What are your views on designing gendered uniforms?
I consider dress to be a vital form of self-expression, and that belief extends to wearing a uniform as an employee. Obviously, we are still required to design for traditional gender silhouettes throughout hospitality, but ultimately, we want to empower individuals. In recent years, our male blocks have had much more shape to them. At the same time, a lot of female staff members we are measuring would prefer trousers over dresses. Perhaps this is a practical request, but nonetheless it shows that the lines between male and female are blurring. We always work with each individual, adapting their requirements within the range we have created, to make it work for them. Each situation and person is unique, and we want people’s personalities to shine through, as this is one of the reasons they would have been employed.

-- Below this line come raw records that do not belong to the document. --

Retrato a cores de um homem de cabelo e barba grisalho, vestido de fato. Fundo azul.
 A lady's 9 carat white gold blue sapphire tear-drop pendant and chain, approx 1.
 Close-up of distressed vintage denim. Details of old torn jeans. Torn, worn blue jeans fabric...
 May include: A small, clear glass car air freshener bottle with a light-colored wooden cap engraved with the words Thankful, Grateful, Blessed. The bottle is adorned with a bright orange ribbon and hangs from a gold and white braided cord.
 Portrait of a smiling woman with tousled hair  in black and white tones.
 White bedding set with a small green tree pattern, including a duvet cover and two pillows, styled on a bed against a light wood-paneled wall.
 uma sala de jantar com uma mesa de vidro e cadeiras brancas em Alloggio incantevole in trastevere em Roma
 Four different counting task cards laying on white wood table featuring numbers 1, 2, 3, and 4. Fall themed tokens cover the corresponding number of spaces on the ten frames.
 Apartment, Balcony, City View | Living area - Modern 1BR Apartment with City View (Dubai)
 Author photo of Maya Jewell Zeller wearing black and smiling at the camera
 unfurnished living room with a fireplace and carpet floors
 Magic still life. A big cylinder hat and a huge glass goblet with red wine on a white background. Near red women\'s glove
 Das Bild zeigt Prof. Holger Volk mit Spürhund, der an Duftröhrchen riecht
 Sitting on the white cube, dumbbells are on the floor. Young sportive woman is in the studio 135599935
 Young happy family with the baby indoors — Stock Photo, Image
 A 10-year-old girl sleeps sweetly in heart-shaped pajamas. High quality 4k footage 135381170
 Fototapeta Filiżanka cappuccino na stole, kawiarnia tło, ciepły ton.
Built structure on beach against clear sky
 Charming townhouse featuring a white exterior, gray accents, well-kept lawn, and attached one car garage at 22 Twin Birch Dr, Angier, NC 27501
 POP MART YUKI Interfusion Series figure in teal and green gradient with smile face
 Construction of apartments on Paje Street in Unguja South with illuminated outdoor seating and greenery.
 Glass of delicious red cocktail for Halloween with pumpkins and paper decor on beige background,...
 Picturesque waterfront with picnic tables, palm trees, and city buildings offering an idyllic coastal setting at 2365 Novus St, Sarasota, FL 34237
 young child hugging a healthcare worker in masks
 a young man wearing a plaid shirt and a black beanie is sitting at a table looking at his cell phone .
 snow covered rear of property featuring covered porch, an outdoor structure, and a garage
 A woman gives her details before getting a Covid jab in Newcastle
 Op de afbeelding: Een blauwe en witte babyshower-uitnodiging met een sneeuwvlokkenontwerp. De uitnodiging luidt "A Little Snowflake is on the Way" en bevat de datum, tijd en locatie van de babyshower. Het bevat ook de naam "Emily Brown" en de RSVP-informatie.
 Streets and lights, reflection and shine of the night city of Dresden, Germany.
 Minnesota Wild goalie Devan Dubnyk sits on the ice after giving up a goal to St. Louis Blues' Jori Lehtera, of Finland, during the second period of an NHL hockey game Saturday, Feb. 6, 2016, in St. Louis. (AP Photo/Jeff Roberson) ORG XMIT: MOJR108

We work with each individual, adapting their requirements within the range we have created, to make it work for them
Are there any companies you’d really love to design for?
I am blessed to have had such an array of clients – all leaders in their industry – and I can only wish to keep adding to this client base and to continue to work on exciting projects. We are known for designing super luxury level uniforms, which is great, but it would be good to work on some larger global uniform projects, allowing this level of design to reach more brands and wearers.
Can you tell us about the role of sustainability in your business?
I could talk about this endlessly to be honest – we are pumping so much resource into research and development around sustainable materials. Firstly, the uniforms we design, by definition really, have to have a long shelf life. That in itself is a challenge against the conventional conceptions around a fashion business thriving.
At NO Uniform we ensure minimal environmental impact through key practices such as recycling old garments into new wearables or other products, using eco-friendly vegetable starch plastic packaging, and opting for innovative, animal-free materials like olive pip leather. Our dedication to sustainability drives us to reduce waste, lower our carbon footprint, and support a circular economy for a better future. By embracing sustainable methods, we not only contribute to the preservation of our planet, but also align with the values of environmentally conscious hotels and their guests.
What’s next for NO Uniform?
Our clients are becoming more global, so we have projects in New York, Middle East, Far East, Europe… Though with NDAs in place, I cant go into too much detail about them. We will start having satellite offices to be hands on with our international clients, so we can deliver exceptional service as well as great wardrobes.